3:37: The press/the media are clearly "there" in a democracy; everybody understands the role of the media in a democracy [really? I'd contest that one!]. The media monitor the state of democracy in a country [again--highly contested idea]. New technologies are opening up possibilities for a more vibrant discussion. The notions of author and distributor are being broadened.
Universities are virtually never mentioned in the literature about democracy. And in the definitions and index of democracy they say very little about education. What's the role that professors can play in democratic life? They contribute in ways that can be very like what the media do.
A government FOR the people? Basic characteristics of democracy--provide the positive liberty so that people can flourish to their full potential. The university has a significant role in this. But we haven't begin to reflect much about how good citizens are "created". The historic literature on education has much to contribute. The Greek notion of education was rooted in the idea of how good citizens are created.

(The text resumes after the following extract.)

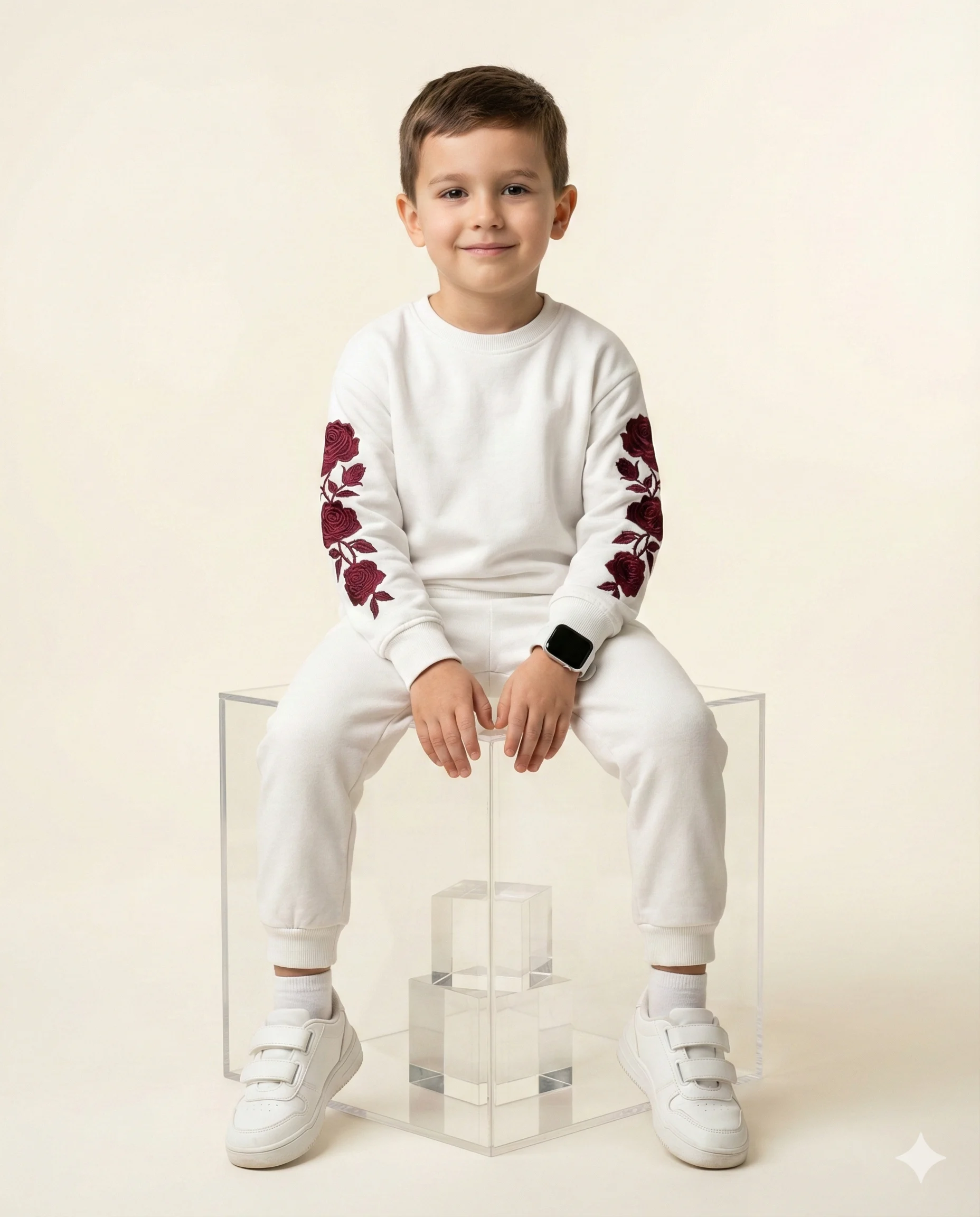 Young boy in a white tracksuit with rose embroidery, sitting on a clear acrylic cube. He wears white sneakers and a smartwatch against a minimalist background.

3:41: Liberal education; the most important role that universities can play in a democracy is how they educate their students; we're now doing a poor job b/c we've pushed this away, we focus on employability, on research culture, and so on. While universities must conceive and evaluate themselves as institutions of democracy, we must be honest that our record on supporting democracy is not that great--universities weren't places where transformation to democratic life took place; and tough education breaks down some inequality, it also creates another level of inequality around "merit". So while we have equality of opportunity we're creating inequalities through a meritocratic system.
We have to acknowledge that much of what we do creates an inequality that's problematic in a democracy. We also create experts who try to shape/frame the public debate, which democracy is about the wisdom of citizens to govern themselves.
Academic freedom: in a democratic society, when that government provides the money to allow us to do what we do, there's a deep tension between parliament's responsibility to be accountable, and our desire for academic freedom. Some of the tensions we're facing are laudable in the sense that it's a democratic society asking to understand what we do and whether we do it well and whether the outcomes we claim are following from our work are what people want, and are being achieved. Tension between government support and academic freedom.
John Burness: Importance of linguistics. What do the terms mean that we're using? E.g. very different ideas of who the media are and what they do.
In the U.S. higher education is such a diverse enterprise that the label "higher education" is seen as an aggregated enterprise, when it's anything but. It's not a monolith, but it tends to be seen that way in a lot of the reporting that happens.
University mission statements: is the promotion of democracy part of the mission statements of universities? Academic freedom: encourages academics and others within the university to have the kinds of debates that are supposed to happen in the broader societies. Universities are places where people are encouraged to disagree. Younger people should be able to take these viewpoints and come to their own conclusions [critical thinking].